Тем временем гражданскому обществу приходилось идти на ощупь. Стали образовываться горизонтальные сети, не связанные с политическими партиями. Манифестант Игорь Бигун вспоминал: “Не было ни фиксированного членства, ни иерархии”. С декабря 2013 до конца февраля 2014 года политическую и общественную деятельность на Майдане осуществляли временные добровольные ассоциации. Фундаментальным принципом признавался следующий: свобода – это ответственность. Поэтому у протестующих появились собственные органы образования (библиотеки и школы), безопасности (“Самооборона Майдана”), внешних сношений (совет Майдана), помощи жертвам насилия и поиска потерявшихся (“Евромайдан SOS”), контрпропаганды (InfoResist).
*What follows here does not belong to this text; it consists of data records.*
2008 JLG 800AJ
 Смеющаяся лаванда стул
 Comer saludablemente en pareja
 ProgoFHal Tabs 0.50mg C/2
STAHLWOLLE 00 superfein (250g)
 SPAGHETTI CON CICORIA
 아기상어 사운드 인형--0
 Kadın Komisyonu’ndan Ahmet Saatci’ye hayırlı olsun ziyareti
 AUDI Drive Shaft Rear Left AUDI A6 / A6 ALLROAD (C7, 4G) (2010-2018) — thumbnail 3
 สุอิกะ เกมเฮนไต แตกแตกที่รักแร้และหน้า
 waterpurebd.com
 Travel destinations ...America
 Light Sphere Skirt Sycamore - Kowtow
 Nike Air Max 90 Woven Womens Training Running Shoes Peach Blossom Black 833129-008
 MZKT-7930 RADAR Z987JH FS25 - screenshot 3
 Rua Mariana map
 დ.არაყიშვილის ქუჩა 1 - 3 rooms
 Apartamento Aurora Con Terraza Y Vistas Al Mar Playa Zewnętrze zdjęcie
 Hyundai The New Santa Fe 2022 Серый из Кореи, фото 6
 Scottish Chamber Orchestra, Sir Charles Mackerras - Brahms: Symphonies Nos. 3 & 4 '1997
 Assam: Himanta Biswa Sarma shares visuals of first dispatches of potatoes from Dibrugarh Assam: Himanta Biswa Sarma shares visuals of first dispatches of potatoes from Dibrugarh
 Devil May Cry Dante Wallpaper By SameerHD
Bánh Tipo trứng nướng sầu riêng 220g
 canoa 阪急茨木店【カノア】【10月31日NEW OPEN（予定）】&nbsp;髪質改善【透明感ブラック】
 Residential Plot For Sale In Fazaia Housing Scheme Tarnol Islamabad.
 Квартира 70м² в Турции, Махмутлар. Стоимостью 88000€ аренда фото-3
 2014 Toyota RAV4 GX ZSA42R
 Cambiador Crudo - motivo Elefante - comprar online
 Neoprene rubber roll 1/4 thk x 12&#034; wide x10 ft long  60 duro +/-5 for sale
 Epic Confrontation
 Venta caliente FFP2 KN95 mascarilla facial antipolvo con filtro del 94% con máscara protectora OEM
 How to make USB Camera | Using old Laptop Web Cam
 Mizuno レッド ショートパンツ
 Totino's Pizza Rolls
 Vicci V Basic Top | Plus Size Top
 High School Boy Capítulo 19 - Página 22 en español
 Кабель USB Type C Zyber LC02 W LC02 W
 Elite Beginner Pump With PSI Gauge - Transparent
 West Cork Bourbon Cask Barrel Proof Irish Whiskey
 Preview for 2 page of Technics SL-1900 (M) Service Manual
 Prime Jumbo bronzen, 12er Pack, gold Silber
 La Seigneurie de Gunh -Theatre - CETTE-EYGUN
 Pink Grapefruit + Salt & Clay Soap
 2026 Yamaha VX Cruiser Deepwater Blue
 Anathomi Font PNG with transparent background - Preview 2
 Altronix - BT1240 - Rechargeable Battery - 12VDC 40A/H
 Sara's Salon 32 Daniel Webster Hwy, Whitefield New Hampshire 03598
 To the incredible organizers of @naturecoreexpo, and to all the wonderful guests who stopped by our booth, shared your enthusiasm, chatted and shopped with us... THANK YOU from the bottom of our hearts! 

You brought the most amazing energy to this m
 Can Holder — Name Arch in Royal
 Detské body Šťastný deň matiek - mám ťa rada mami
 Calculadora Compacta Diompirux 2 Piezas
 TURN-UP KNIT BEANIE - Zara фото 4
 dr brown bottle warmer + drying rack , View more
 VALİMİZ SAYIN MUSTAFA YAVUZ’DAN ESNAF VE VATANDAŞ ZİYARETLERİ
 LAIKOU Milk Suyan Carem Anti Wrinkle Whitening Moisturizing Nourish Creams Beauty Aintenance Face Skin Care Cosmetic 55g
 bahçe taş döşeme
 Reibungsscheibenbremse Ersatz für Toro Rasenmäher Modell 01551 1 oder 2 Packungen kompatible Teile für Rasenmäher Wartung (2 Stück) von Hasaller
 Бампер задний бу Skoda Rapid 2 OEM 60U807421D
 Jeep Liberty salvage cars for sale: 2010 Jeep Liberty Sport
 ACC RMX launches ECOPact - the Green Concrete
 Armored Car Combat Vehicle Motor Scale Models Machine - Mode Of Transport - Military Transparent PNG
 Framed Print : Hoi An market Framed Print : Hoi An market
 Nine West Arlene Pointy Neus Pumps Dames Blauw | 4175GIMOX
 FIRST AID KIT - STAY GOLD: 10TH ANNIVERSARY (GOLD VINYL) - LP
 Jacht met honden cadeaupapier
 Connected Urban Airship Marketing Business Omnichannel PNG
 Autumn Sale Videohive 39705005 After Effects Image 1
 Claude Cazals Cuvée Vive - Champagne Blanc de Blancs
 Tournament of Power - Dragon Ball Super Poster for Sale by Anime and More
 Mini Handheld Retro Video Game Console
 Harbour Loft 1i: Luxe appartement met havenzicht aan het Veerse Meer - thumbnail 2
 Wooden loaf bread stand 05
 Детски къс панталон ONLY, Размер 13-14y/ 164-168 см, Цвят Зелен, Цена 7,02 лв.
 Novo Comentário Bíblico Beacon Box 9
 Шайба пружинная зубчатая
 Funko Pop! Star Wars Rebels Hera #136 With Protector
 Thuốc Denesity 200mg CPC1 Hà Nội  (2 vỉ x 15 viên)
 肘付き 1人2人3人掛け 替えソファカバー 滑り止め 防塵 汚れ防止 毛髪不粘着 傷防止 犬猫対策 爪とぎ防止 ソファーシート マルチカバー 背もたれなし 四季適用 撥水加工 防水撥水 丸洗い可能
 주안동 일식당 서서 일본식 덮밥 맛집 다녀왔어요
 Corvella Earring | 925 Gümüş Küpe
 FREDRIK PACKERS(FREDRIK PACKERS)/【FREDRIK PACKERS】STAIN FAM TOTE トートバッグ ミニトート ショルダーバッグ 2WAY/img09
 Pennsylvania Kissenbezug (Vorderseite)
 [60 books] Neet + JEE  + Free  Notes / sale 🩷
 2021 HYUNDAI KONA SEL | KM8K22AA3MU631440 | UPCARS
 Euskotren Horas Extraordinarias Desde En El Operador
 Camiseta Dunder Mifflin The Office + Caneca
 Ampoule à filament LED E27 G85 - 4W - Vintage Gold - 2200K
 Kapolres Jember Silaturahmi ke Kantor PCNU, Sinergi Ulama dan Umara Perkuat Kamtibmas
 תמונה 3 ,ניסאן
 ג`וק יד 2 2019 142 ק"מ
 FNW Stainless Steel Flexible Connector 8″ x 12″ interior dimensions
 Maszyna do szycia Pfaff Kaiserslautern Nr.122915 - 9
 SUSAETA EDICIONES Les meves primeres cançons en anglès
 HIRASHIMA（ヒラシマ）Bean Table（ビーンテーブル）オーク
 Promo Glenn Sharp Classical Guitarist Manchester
По воспоминанию Андрея Бондаря, самоорганизация явилась вызовом неработоспособному госаппарату: “На Майдане возник образ украинского общества невиданного уровня самоорганизации и солидарности. С одной стороны, оно было крайне разрозненным и атомизированным – в идеологическом, языковом, культурном, религиозном и классовом плане. С другой стороны, оно было единым в вещах элементарных: нам не нужны ваши санкции и ваше высокое разрешение, мы ничего не будем у вас просить, мы вас не боимся, все сами возьмем и сделаем”.
Экономической моделью Майдана стал реципрокный обмен (экономика дара). По словам Натальи Стельмах, в первые дни киевляне делали небывало щедрые пожертвования: “За два дня представители самообороны и я смогли собрать наличными у простых киевлян примерно 40 тыс. долларов в гривнах”. Стельмах вспоминала, как попыталась отговорить (и не сумела) пенсионера, пожелавшего пожертвовать Майдану половину пенсии. Кроме денег, люди передавали в дар продовольствие, одежду, дрова, лекарства, колючую проволоку, каски. Гость с удивлением обнаруживал за кажущимся хаосом строгий порядок и за невиданным гостеприимством – стихийное государство всеобщего благосостояния. Польского активиста Славомира Сераковского это очень впечатлило: “Идешь по Майдану – и получаешь пищу, одежду, спальное место, медпомощь”.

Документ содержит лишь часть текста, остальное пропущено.